Her mother was a dancer in St. Louis, Missouri, where Garnick grew up. Garnick said she was always expected to go into the family business.
Her “big break” didn’t take long. She was only 12 when a group of talent scouts from New York City came to town. She’d never even auditioned before, Garnick said, but she caught their eye. Garnick spent then next five years of her young life dancing and singing on Broadway.
“I didn’t like it at first,” Garnick admits of city life. “There was so much activity.” She was also the youngest and least experienced dancer—at least in the beginning.
But Garnick was tough—still is—and learned to love the theater’s cut-throat environment if it meant she got to perform. And it was, indeed, cut-throat. Garnick recalls the strict expectations placed on young dancers. They could not weigh more than 100 pounds, for example. By the time she left Broadway to go back to school, she was already considered too old. She was 17.
Garnick’s musical career didn’t end on Broadway. She carried it with her her whole life, and has passed it on to three generations.
Garnick went on to study music—”there was no such thing as ‘dance’ in those days,” she says, “just lots of good dancers.” She then taught music, and carried her love for performance to Jackson with her in the ’60s.
She and her late husband, Bill (yes, they were Bill and Billie Garnick) moved to Jackson with their kids and have since created quite the theatrical empire. Garnick’s late son, Cameron, and his wife Vicky, took over the Jackson Hole Playhouse Theater in 1978, where their eight children (Garnick’s grand kids) began their performing arts careers.
Garnick’s grandchildren have appeared on Broadway, studied at Juliard in New York, started production companies overseas, and had children of their own who sing and dance just as Billie once did. She encourages anyone with talent, but especially her family, to pursue the performing arts.
The only advice she offers those following in her footsteps? “They don’t need my advice.” But, she adds, sometimes it’s as much about grit and perseverance as it is about talent.

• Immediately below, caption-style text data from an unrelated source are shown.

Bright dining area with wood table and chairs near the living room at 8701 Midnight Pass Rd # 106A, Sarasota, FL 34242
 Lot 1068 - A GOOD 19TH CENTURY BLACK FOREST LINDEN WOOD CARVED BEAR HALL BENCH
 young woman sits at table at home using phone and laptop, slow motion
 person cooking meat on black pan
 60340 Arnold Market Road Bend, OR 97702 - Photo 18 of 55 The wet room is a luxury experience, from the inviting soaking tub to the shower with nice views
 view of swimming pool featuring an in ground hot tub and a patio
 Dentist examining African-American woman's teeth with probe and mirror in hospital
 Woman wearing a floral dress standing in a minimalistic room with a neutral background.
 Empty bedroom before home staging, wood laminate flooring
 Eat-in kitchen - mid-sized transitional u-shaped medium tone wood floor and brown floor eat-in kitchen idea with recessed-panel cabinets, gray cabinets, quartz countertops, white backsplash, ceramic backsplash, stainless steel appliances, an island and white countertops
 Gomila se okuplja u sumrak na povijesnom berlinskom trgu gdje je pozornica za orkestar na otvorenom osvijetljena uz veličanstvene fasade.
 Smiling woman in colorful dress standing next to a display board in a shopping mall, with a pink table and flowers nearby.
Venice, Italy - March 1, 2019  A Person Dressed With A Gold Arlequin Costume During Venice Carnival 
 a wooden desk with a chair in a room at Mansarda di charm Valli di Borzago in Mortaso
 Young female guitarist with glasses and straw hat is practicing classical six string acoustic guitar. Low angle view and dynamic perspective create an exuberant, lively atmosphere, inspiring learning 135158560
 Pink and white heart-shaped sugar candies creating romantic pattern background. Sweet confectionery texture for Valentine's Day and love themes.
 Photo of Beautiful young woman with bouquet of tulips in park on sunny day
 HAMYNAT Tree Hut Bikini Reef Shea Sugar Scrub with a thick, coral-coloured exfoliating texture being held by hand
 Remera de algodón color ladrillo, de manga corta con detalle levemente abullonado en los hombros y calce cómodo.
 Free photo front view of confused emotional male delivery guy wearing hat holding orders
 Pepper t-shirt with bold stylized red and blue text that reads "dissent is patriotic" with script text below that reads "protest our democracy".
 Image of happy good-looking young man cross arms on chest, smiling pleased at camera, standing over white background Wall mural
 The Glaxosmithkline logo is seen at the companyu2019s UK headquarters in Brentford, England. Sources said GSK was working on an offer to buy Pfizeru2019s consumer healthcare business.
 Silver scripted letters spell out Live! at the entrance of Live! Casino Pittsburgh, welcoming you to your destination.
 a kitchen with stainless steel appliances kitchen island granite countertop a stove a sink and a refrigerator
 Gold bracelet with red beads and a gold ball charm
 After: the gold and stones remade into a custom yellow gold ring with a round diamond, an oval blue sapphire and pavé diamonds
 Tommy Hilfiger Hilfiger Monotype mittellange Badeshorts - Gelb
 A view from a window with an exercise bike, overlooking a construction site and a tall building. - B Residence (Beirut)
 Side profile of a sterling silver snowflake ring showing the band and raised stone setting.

As for Billie? She still sings “all the time.” Her voice stands out in The Living Center’s choir—it is now deep and gravely, but always tonal and clear. She runs a tight ship in the choir, but knows “you can’t be too critical as you get older.”
Even at 99, it’s easy to look at Billie and see the young Broadway star she once was. Often the best dressed in the choir, she still carries an air of confidence and sophistication.
“Women in those days didn’t get as involved,” Garnick says, recalling her days as a Jackson pioneer. But it’s pretty clear that Garnick has captained her family’s ship for a very long time—or, perhaps more accurately, directed the show that is their lives.